Затем, 11 июля, я по просьбе Эттера был при нем в роли негласного начальника штаба на отрядном маневре, которым он командовал; сошло все удачно.
В Пулково занятия шли своим чередом: наблюдения звезд сменялись геодезическими работам: измерением базиса, триангуляцией и т. п. Я, сверх того, собирал гербарий и жуков. Совершенно неожиданно в конце июля была объявлена мобилизация Гвардии. Я немедленно подал рапорт об отчислении меня обратно в полк для участия в походе и 30 июля покинул Пулково.
В городе я заказал себе нужные вещи. В полку меня назначили в роту брата (16-ю), и Эттер мне сказал, что я буду при нем начальником штаба; поэтому я должен добыть себе лошадь, а фураж он мне прикажет отпускать. С трудом я добыл себе бракованную серую клячу, так как лошадей в продаже совсем не было.
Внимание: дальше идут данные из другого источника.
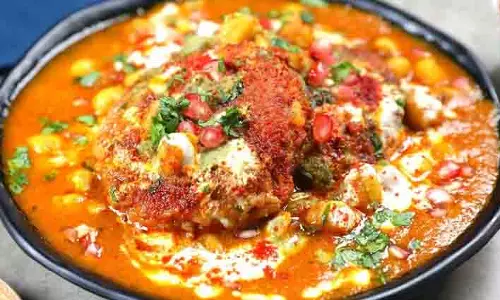 Aloo Tikki Chaat:  चटपटे स्वाद का लें लुत्फ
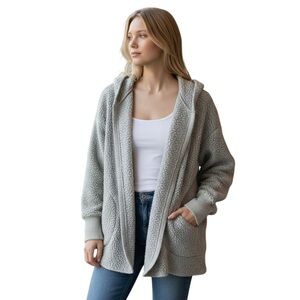 T PARTY L Soft Gray Grey Cozy Sherpa Teddy Jacket R $49
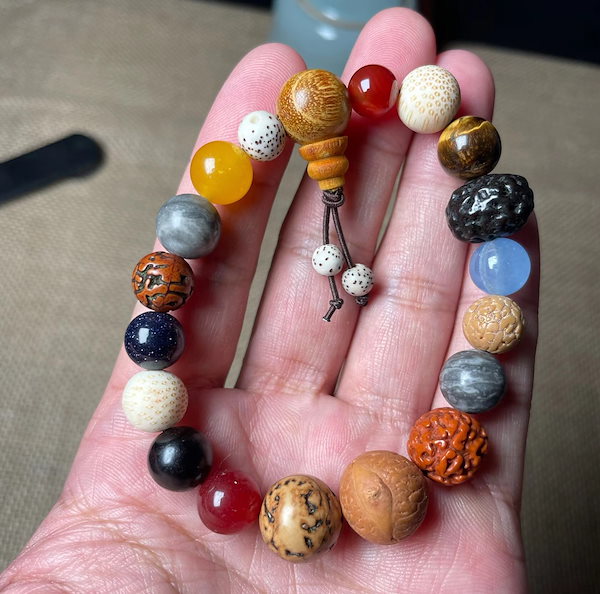 Qoo10] 菩提杭州霊隠十八種子手串男女史腕輪18十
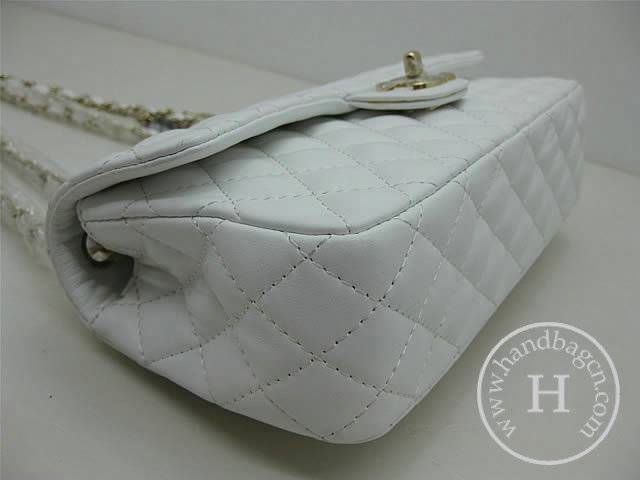Chanel 46513 replica handbag White lambskin leather with Gold hardware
Мобилизация шла в то время медленно, и мы двинулись в путь лишь 27 августа. До того времени я был свободен и занят лишь личной своей мобилизацией, поэтому несколько раз ездил в Юстилу.
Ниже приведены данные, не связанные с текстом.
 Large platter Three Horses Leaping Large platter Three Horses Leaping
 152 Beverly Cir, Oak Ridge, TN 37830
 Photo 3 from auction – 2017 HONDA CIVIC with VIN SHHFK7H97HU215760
Ольга получила от моей матушки приглашение погостить у нее и в конце мая поехала в Выборг, где оставалась до нашей свадьбы (ноябрь 1879); Маша же уехала в Оренбург к своей сестре, Ивановой.
Поездка с полком на театр войны была длинная и томительная. Воинские поезда шли медленно и подолгу стояли на станциях. Довезли нас по железной дороге до Дуная. Осталась у меня в памяти остановка 8 сентября у Унгени, где мы пересаживались на румынскую железную дорогу. Во всех ресторанах была такая масса наших офицеров, что трудно было найти стул, а еще труднее - добиться какой-либо еды; прибывшие раньше нас, уже наученные опытом, научили нас кричать "Zahlen!"*, чтобы дозваться кельнера и дать ему заказ. По плавучему мосту мы 17 сентября перешли через Дунай, и с этого времени началась моя злополучная деятельность в качестве "начальника штаба". Конечно, никакого штаба у меня не было, я был субалтерном для всяких поручений, а чины полкового Штаба катались без дела с командиром полка и только критиковали и науськивали его на меня. На первых порах я должен был отводить бивак для полка, который шел один к Плевне. На одном из первых ночлегов я получил замечание, что поставил полк на старом кладбище, а между тем это было единственное удобное место, на котором стояли и другие полки, и кладбище было не только старое, но древнее; в другой раз - жалонеры не были вовремя расставлены, но потому что их мне не выслали вперед. Наконец нам попался идеальный бивак: к речке, протекавшей в тылу бивака, подходили небольшие холмы, на которых можно было поставить по батальону. Только мы успели расположиться, как получили приказание нашему 4-му батальону: сняться и перейти на правый фланг полка, правее 1-го батальона. Все были, конечно, недовольны этим беспокойством, и офицерство стало трунить надо мною, что я и бивак отвести не умею. Взбешенный я пошел к Эттеру спросить о причине такой перемены. Он тоном строгого выговора указал на мое недомыслие о том, что в тылу бивака есть только одно хорошее место, где он, под деревом, может поставить свою палатку, а это место находится за правым флангом полка! Я не пытался объяснить глупость его претензий, а только сказал, что раз я ему угодить не могу, то прошу оставить меня при моих обязанностях в роте. Эттер немедленно переменил тон и стал говорить, что он старый практик, а я молодой теоретик, он мне в отцы годится и мне не подобает обижаться на него и т. д. В результате я остался "начальником штаба", а замечания прекратились.